Skip to content

feat(platform): cgroup-aware CPU/memory detection in detect_system_linux#365

Open
yangsec888 wants to merge 1 commit into
DeusData:mainfrom
yangsec888:feat/cgroup-aware-detection
Open

feat(platform): cgroup-aware CPU/memory detection in detect_system_linux#365
yangsec888 wants to merge 1 commit into
DeusData:mainfrom
yangsec888:feat/cgroup-aware-detection

Conversation

@yangsec888
Copy link
Copy Markdown

Summary

Closes #363 in conjunction with #364: this PR is the auto-detect half of cgroup-awareness; #364 is the CBM_WORKERS env-override escape hatch. They're independent and can land in either order.

Today detect_system_linux() reports host CPU count via sysconf(_SC_NPROCESSORS_ONLN) and host RAM via sysinfo().
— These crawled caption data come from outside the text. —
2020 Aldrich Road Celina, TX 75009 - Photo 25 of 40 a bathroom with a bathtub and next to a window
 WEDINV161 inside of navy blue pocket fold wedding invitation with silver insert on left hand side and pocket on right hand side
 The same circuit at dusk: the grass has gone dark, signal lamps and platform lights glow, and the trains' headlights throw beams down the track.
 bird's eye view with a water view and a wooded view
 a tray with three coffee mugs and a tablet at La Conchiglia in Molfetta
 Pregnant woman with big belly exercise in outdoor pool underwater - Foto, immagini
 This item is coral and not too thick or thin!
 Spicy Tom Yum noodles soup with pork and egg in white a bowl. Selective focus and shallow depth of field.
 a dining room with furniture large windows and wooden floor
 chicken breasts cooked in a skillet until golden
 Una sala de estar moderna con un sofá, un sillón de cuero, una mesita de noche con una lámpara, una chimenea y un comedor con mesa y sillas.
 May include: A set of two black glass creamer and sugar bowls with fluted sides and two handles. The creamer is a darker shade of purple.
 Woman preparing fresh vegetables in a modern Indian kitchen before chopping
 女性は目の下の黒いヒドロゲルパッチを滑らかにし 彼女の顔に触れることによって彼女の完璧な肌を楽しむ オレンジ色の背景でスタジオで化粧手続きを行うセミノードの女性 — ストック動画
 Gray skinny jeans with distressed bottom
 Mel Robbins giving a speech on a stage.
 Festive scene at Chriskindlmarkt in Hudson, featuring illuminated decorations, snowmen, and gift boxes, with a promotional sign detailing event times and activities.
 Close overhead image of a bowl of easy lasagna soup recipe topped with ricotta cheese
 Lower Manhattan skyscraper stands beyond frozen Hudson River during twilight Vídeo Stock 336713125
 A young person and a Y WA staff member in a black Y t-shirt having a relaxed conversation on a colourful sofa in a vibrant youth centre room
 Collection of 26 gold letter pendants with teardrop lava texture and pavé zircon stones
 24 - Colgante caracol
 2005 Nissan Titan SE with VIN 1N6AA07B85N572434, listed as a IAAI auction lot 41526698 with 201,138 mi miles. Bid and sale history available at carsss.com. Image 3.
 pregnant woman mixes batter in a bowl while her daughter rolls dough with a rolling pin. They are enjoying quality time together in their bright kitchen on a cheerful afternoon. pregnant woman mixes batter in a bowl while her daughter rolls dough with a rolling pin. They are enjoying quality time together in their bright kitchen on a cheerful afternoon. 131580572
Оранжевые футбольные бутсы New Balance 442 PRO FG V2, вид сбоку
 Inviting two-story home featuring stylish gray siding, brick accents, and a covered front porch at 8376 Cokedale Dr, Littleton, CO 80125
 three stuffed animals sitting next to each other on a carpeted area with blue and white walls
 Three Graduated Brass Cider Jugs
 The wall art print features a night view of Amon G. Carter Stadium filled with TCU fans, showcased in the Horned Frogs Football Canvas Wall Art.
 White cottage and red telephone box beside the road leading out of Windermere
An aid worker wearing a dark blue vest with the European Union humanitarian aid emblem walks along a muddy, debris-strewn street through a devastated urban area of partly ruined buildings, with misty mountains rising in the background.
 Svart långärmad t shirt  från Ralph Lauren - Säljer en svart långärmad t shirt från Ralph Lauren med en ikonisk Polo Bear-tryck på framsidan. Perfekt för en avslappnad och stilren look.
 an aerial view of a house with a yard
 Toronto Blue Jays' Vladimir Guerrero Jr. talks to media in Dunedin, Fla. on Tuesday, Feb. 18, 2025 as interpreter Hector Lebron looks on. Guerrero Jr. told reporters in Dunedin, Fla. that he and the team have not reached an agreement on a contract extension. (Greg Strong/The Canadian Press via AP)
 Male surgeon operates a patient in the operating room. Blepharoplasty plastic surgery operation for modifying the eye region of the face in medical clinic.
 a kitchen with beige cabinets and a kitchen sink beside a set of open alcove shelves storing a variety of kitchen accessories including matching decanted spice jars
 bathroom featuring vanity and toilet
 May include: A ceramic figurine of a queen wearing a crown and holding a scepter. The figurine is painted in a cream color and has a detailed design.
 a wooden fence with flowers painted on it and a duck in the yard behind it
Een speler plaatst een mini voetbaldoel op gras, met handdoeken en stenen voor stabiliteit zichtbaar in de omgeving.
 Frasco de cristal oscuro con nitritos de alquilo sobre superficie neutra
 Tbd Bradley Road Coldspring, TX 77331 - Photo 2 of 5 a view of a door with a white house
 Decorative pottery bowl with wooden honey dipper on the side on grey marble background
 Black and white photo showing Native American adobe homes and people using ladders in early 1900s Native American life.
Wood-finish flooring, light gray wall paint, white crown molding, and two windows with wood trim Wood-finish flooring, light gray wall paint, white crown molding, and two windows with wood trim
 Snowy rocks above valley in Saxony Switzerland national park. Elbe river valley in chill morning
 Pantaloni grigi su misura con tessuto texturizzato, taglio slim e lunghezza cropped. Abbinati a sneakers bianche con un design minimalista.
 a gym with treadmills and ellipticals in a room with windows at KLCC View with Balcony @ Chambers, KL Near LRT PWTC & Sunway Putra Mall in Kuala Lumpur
Inside a container, neither reflects the cgroup's effective quota, so cbm_default_worker_count over-provisions workers and the SQLite mmap budget can exceed the cgroup memory cap — see #363 for the OOMKill story.

This PR makes the Linux detection path cgroup-aware:

  1. CPUs: read <root>/cpu.max (v2) or <root>/cpu/cpu.cfs_quota_us + cpu.cfs_period_us (v1), compute ceil(quota / period). "max" and -1 quotas mean "no limit, fall back to sysconf".
  2. Memory: read <root>/memory.max (v2) or <root>/memory/memory.limit_in_bytes (v1). "max" is unlimited; cgroup v1's near-ULLONG_MAX sentinel (PAGE_COUNTER_MAX) is also treated as unlimited.
  3. Safety clamp: both axes take min(cgroup, host), so a mis-mounted cgroup that reports something bigger than the host can't push us above true hardware.
  4. Fallback: missing cgroup files → host values, exactly as before. Bare-metal hosts and non-Linux platforms are unchanged.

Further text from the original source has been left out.